Tag Archives: research

Starting My Thesis

So I’ve been given the go-ahead to start writing my thesis. I was going to post up some more exciting numbers/findings from my experiment, but that’ll have to wait – the thesis beckons.

I’ve started writing it, and holy smokes, it’s hard. It’s hard because I have to zoom out from my current perspective, and start right from scratch, explaining where every single decision came from.

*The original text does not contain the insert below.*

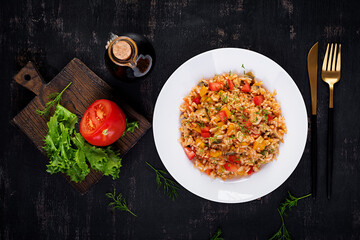 Tomato rice with vegetables and chicken. Healthy food. Healthy lifestyle. Top view, overhead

And I have to do it in a formal, academic tone – without awesome photos.

Plan of Attack

I think I’m going to go with Alecia on this one, and start with my outline. That’s what I always did for any of my Drama classes where I had to write a big essay: start with the outline, and treat it like the skeleton…then slowly put more flesh on the skeleton. Keep fleshing it out, throw on some skin, some clothes, a lick of varnish, and bam: it’s all done.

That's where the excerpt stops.